Beyond the Keyboard: How the Right Tool Enabled My New Skills
Beyond the Keyboard: How the Right Tool Enabled My New Skills
For most of my life, I’ve been skeptical of gear—especially expensive gear that required time and effort to master. Sure, I’d indulged in some better equipment in the past, like high-quality keyboards and even a fantastic curved monitor, but I always stuck to things that felt intuitive, easy to use, and justified their cost without much effort on my part. Anything beyond that—anything requiring a steep learning curve—got dismissed as just another overpriced toy.
I’d tell myself, “It’s not the tools; it’s how you use them,” and for the most part, I believed it. That mindset worked for a long time, pushing me to focus on skill over equipment. But recently, an ortho-linear keyboard forced me to confront an uncomfortable truth: I wasn’t dismissing these tools because they were unnecessary. I had already spent hours practicing touch typing on traditional layouts, crashing repeatedly against the unnatural feel and confusing skew of those designs. It wasn’t about a lack of effort—it was about needing the right tool to make progress. But I wouldn’t realise this until many years later.
At this point, I just accepted my slow 34 - 40 WPM pace and further developed other coping mechanisms enabling me to quickly jot large ideas in a testable fashion. In the beginning, I used whiteboards, large sheets of paper drawing diagrams, mind maps, and graphs, then mapped everything in my #1 tool, Miro Boards. Combined with vivid and animated imagination, which allowed me to run the code step-by-step in my head, this proved to be a fantastic combo against the slow input methods.
Pivotal Moment
During an intense code crunch, I was writing between 12 and 16 hours a day, producing over 20k lines of code in three weeks. For the first time, I felt the limits of my typing skills holding me back. It wasn’t just the speed—it was the way my slow input repeatedly knocked me out of the flow state. The frustration was immense, but it came with a silver lining: I wasn’t held back by a lack of ideas or skills, but by a physical limitation that I could, in theory, overcome.
Busy with other tasks, projects, and life in general, I kept returning to that pivotal moment of frustration and questioning whether my typing skills were truly the bottleneck. Between YouTube reviews of keyboards and casual conversations about typing with non-techies, the idea kept resurfacing. Eventually, I decided it was time to commit. I purchased the Glove 80 with loud, clicky switches—a bold step that combined my love for tactile feedback with a genuine need for change.
Once it arrived, I made it a habit to practice touch typing both morning and evening, fitting in quick sessions whenever possible, even using Slack messages as training opportunities. Over two months, I completed 1,539 MonkeyType tests, investing a total of 62 hours into improving my skills. The results were transformative: I went from struggling to touch type to consistently hitting 65 WPM, with records of 78 WPM over 15 seconds and 91 WPM over shorter 10 word bursts. These milestones marked not just progress but a shift in what felt possible—a glimpse of what could become my new standard.
Benefits beyond speed
Staying in the zone
There were always three things that pulled me out of focus: the relentless blinking of the cursor, the pressure of maintaining eye contact, and, of course, the ever-present distraction of TV. Learning touch typing changed everything. It allowed me to break free from the screen’s grip, letting my thoughts flow uninterrupted and keeping my focus on a single idea for much longer stretches of time.

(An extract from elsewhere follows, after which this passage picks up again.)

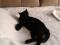 Шикарная черная кошка в ответственные руки. Фото 4.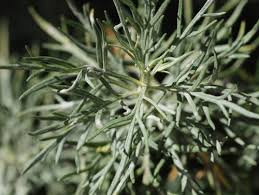 Image result for Artemisia sp.no.1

Writing notes on call/ video call
Multitasking is something I’m very much known for to have an almost absolute lack of, but touch typing has made it more manageable. Taking notes during calls or video meetings has become far more efficient than my attempts at handwritten notes, which were always a bit of a struggle.
Unlocking the world of shortcuts
Discovering touch typing unlocked an entirely new dimension of efficiency. Every single key became an opportunity to bypass the mouse, especially when paired with tools like Shortcat or Vimium—apps that integrate seamlessly with any Chromium-based browser, even Arc. For someone already familiar with daily shortcuts in their IDE or other tools, it was like expanding a familiar language, opening up space for more exotic combinations and workflows I hadn’t even considered before.
And finally…
What I didn’t realize at the time was how much this experience would reshape my relationship with tools and gear. It taught me to stop seeing them as shortcuts or luxuries and start appreciating them as enablers—access points to greater productivity, creativity, and comfort. It’s not that my skepticism about “toys” has vanished entirely—that knee-jerk reaction is still there. But now, I’m more open to the idea that the right tool, even one that requires effort to master, can be worth every bit of the investment.